## Implementing Neural Network

Kaggle WHO dataset: https://www.kaggle.com/datasets/kumarajarshi/life-expectancy-who/data

The data-set aims to answer the following key questions:

1. Does various predicting factors which has been chosen initially really affect the Life expectancy? 
2. What are the predicting variables actually affecting the life expectancy?
3. Should a country having a lower life expectancy value(<65) increase its healthcare expenditure in order to improve its average lifespan?

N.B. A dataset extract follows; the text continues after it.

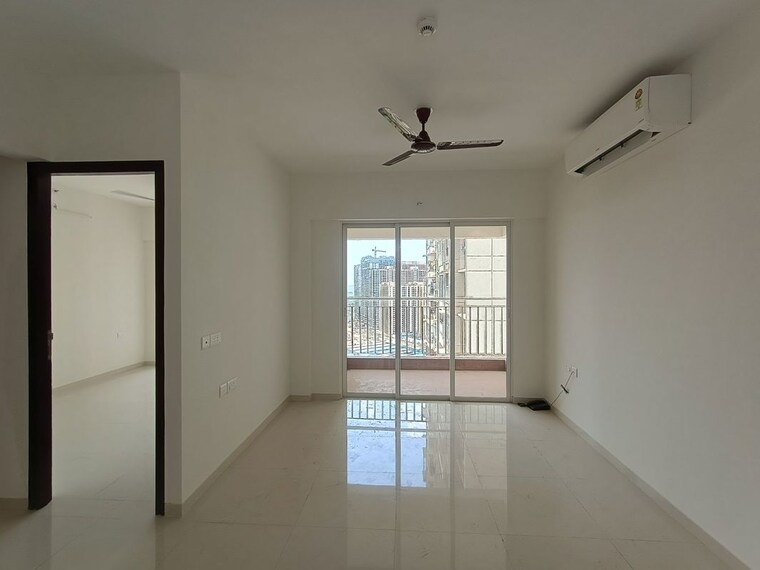 Hall, lodha-amara 2 Bedroom 735 Sq.Ft. Apartment In Kolshet Road Thane 10529244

4. How does Infant and Adult mortality rates affect life expectancy?
5. Does Life Expectancy has positive or negative correlation with eating habits, lifestyle, exercise, smoking, drinking alcohol etc.

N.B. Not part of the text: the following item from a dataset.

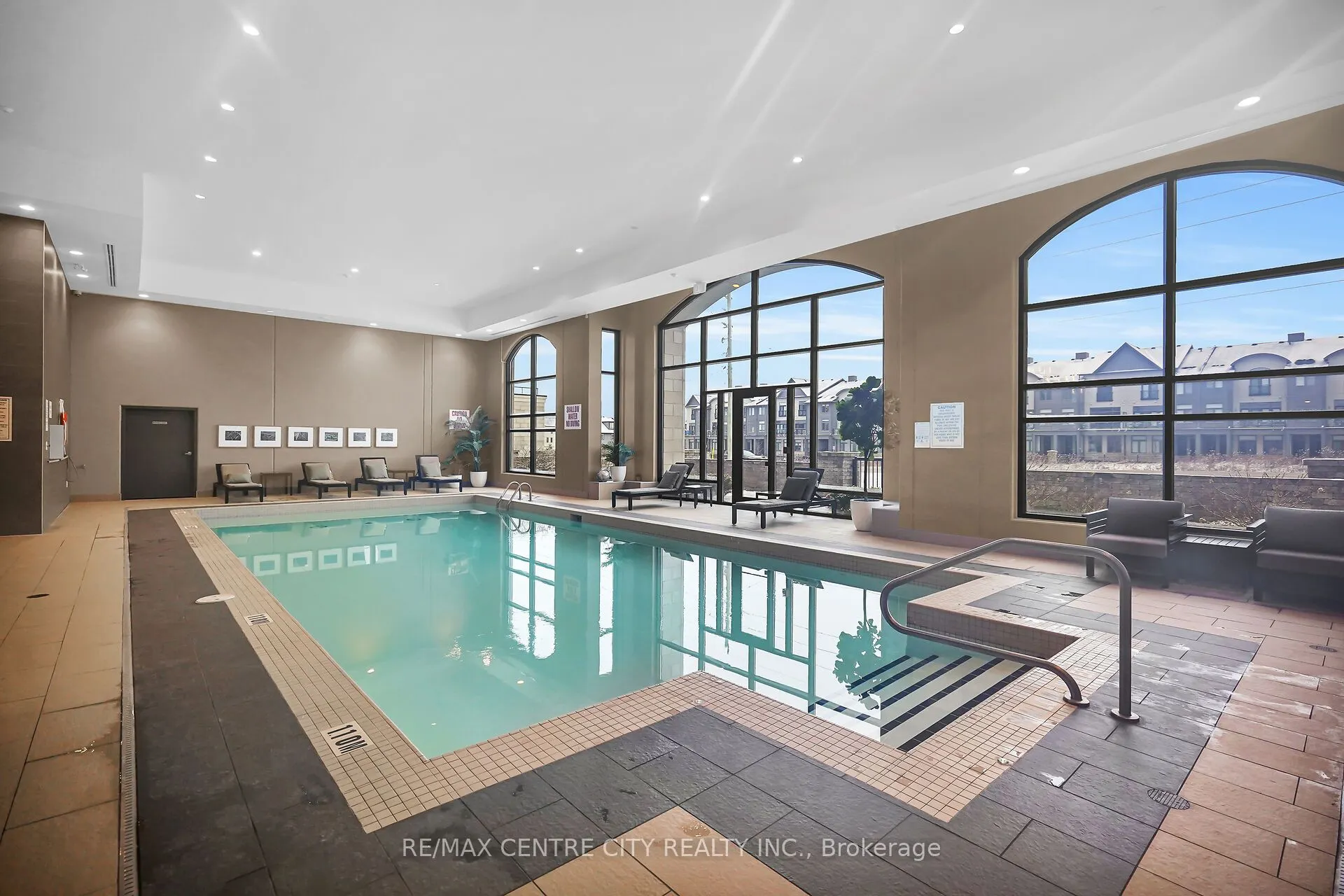 260 Villagewalk Boulevard, #801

6. What is the impact of schooling on the lifespan of humans?
7. Does Life Expectancy have positive or negative relationship with drinking alcohol?
8. Do densely populated countries tend to have lower life expectancy?

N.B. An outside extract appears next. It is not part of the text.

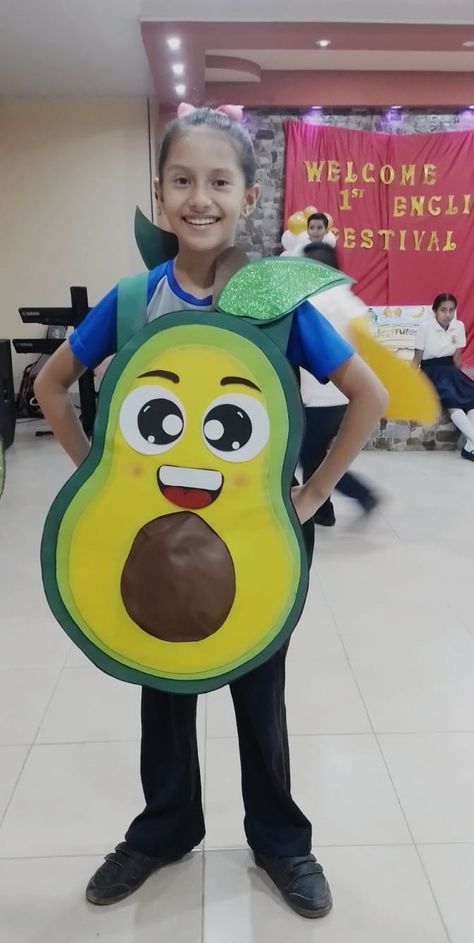 Aguacate 🥑 Diy Avocado Costume, Avocado Craft, Diy Fruit Costume, Food Costumes For Kids, Fruit Fancy Dress, Litchi Fruit, Vegetable Costumes, Avocado Costume, Fruit Costumes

9. What is the impact of Immunization coverage on life Expectancy?

Dataset details:
1. Country = Country
2. Year = Year of data
3. Status = developed/ developing country status
4. Life expectancy = life expectancy in age
5. Adult Mortality = Adult Mortality Rates of both sexes (probability of dying between 15 and 60 years per 1000 population)
6. infant deaths = Number of Infant Deaths per 1000 population
7. Alcohol = Alcohol, recorded per capita (15+) consumption (in litres of pure alcohol)
8. percentage expenditure = Expenditure on health as a percentage of Gross Domestic Product per capita(%)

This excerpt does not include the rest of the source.